The chronology, which in turn gives structure to the tour and the museographical design, is divided into five stages: Background and prototypes (1900-1929), First ideas (1930-1959), Birth and Development (1960-1979), the Spanish design boom (1980-1989) and Standardisation and Internationalisation (the 90s). In this way a continuity of names and works are established which start with Antonio Gaudí and the practice of traditional design. The next phase is constituted by the Thirties, with the independence of the manufacturing process as industrial design, full of conceptual and aesthetic influence that comes from the European avant-garde and the International Modernism. The GATEPAC (Group of Spanish Artists and Technicians for the Progress of Contemporary Architecture) is the main promoter of modern design ideas and creativity: different acenues such as AC Magazine, the store MIDVA (Mobles i decoració per a la vivenda actual) (Furniture and decor for today’s home) and serves as an example for industry and manufacturers.

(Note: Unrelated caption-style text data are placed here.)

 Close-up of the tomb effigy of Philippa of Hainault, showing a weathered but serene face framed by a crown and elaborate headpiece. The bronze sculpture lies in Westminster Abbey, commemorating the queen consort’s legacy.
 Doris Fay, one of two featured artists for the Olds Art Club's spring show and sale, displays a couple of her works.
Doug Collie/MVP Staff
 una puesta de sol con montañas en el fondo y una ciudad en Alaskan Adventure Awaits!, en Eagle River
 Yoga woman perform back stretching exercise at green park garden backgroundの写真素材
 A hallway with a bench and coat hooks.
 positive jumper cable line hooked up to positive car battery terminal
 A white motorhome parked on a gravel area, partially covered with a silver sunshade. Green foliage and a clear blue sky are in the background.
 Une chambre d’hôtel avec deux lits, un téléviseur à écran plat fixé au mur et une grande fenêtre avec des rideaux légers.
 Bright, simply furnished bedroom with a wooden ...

The formalisation of design starts in Spain in the second half of the Fifties, thanks to a favourable economic outlook after the end of autarky, as well as by the existence of a group of mobilisers aware of the importance of industry. It is the moment for SEDI (Society of Industrial Design Studies, Madrid, 1957) and IDIB (Institute of Industrial Design in Barcelona, 1957) -which becomes FAD (Foment de les Arts i disseny) (Promotion of the Arts and design) and ADI FAD (Associació de Disney industrial) (Association of Industrial design) and later, the Industrial Design Group- where there is a confluence of leading architects, designers and industrialists from that time. Elisava (Barcelona, 1961) is also established, the first school in Spain dedicated to industrial design, and which becomes Eina School in 1967. After years of experimentation in the 1970s and certain excesses in the 1980s; during the Nineties, industry looks for an element of differentiation, based on ingenuity and thrift, with a minimalist and traditional aesthetic. As a counterpoint, the exhibition or experimental design took refuge in artistic fields. In this respect, the exhibition also includes a section dedicated to non-industrial designs created by artists, which show the close relationship between art and design.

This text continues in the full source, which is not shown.